RTSPCAP expects the RTSP handshake to appear in the capture file
First we should understand RTSP streaming on a high level. First, the client uses RTSP to find a stream on the server, and negotiate the streaming protocol/s and codecs and such.
RTSP is basically HTTP with different methods and headers. The negotiation usually works something like this:
Client Server
| DESCRIBE |
|-----------------------> |
| |
| SDP |
| <-------------------------|
| |
| SETUP |
|-----------------------> |
| |
| OK |
| <-------------------------|
| |
| PLAY |
|-----------------------> |
| |
| OK |
| <-------------------------|
| |
The SDP (Session Description Protocol) is a format for describing the stream that is hosted on that URL. It has several elements, the most important ones are the tracks. A stream can have more that one track, for example one for video and one for audio.
Each track element describes what protocol it uses (almost always RTP, which is what we support), and which codec the stream is using, plus some extra data which might be important for decoding the stream later.
The SETUP method is used to negotiate the protocol details per track. The client will send its preferred configuration via the Transport header, and the server will either accept it or not. If it does it will send the Transport header again, sometimes with important values like the server port.
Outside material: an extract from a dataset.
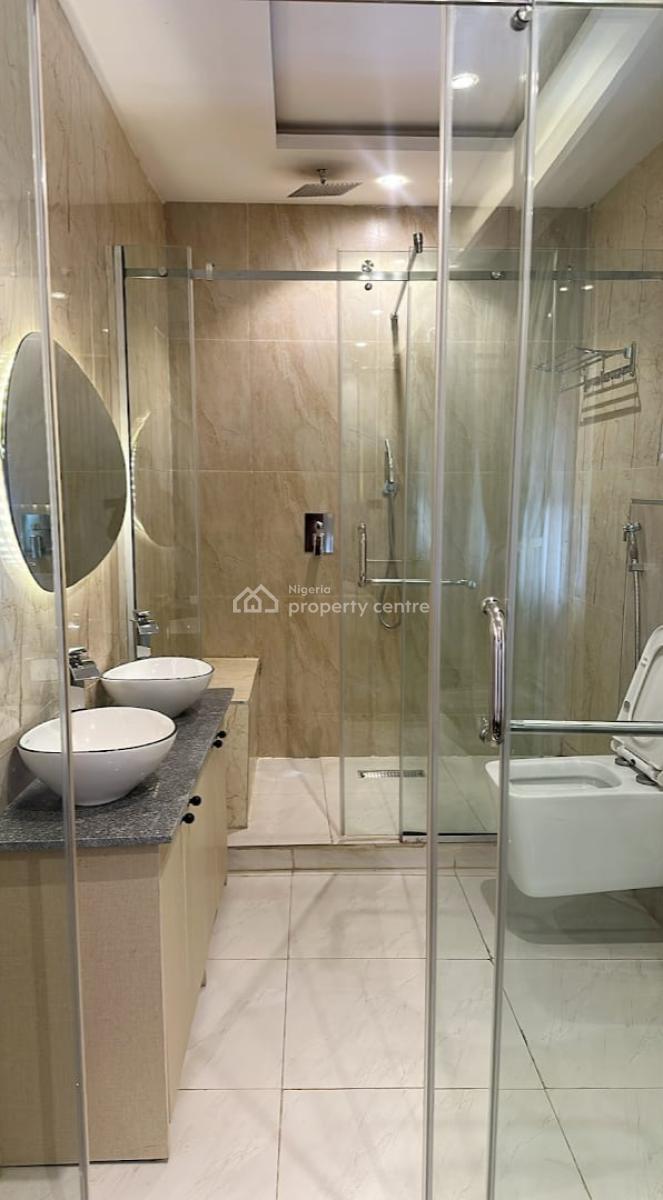 Luxury 2 Bedrooms Apartments, Close to Defense Hq, Area 8, Garki, Abuja, House for Rent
The PLAY method tells the server to start streaming to the client.
The server will start sending RTP packets to the client. Each packet contains a seqence number for ordering, a timestamp for telling the client when the content of this packet should be shown, and the payload.
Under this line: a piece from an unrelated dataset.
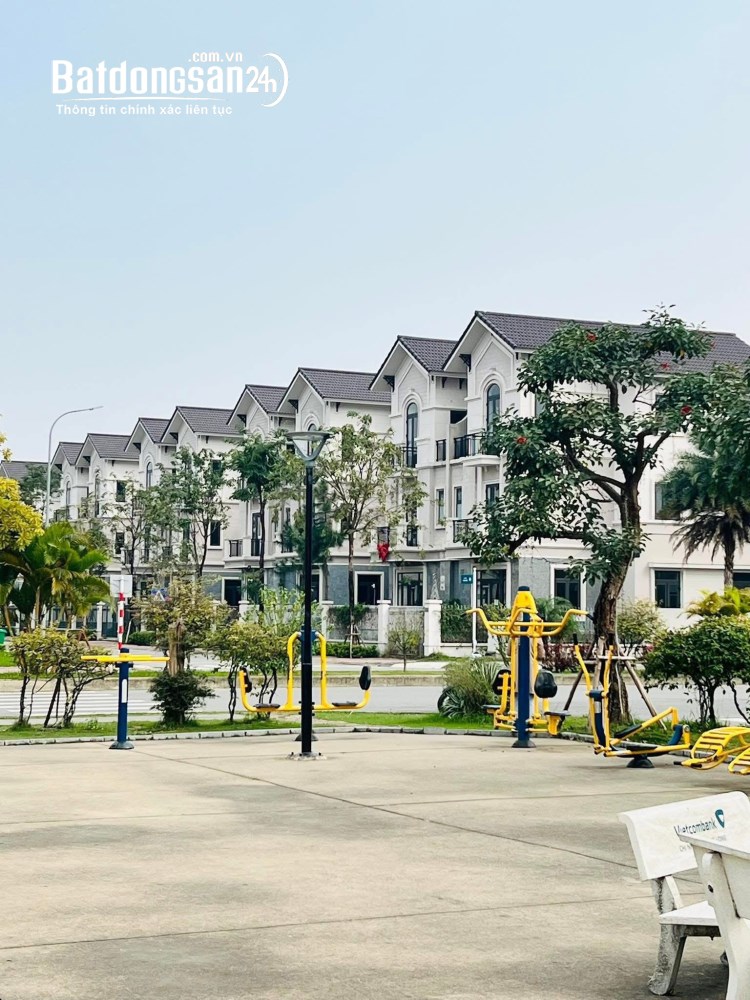 Bán Biệt thự-Villas Dự án Centa Riverside, Đường Hữu Nghị, Phường Từ Sơn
Depending on the codec, each packet might contain either a fragment of a frame, a full frame or multiple full frames of audio/video/other. Each codec defines how it should be transmitted over RTP in an RFC. Some of them have special headers that are unique to the transmission over RTP, that need to be parsed.
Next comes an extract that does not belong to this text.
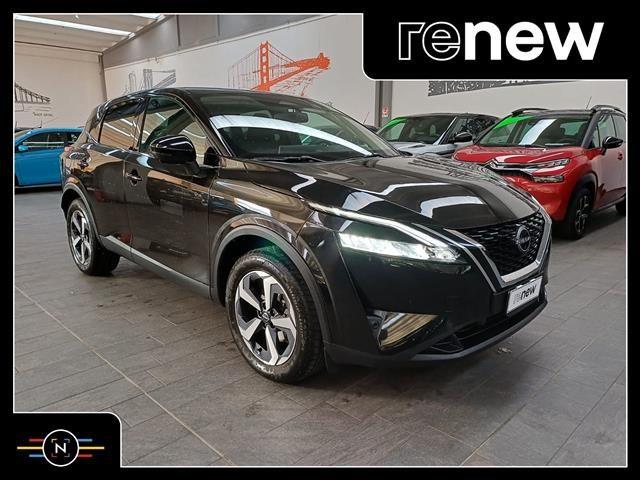 NISSAN QASHQAI 2021 1.3 Mild Hybrid 140cv N Connecta 2WD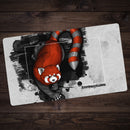 Lurking Panda Playmat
Then the decoder combines the different tracks (if there are multiple) into one stream, and displays it to the user (or maybe saves to a file).
In RTSP Decoder, we decode each stream seperately, encode to a known format (h264 for video, aac for audio) and save to a file.
For parsing the codecs, I used two sources: FFmpeg and the relevant RFC. Since I am using PyAV which is just a wrapper around FFmpeg, looking at the FFmpeg source really helped at times. However, sometimes their code is really hard to understand, and in those cases I used the relevant RFC to understand the structure of the RTP payload.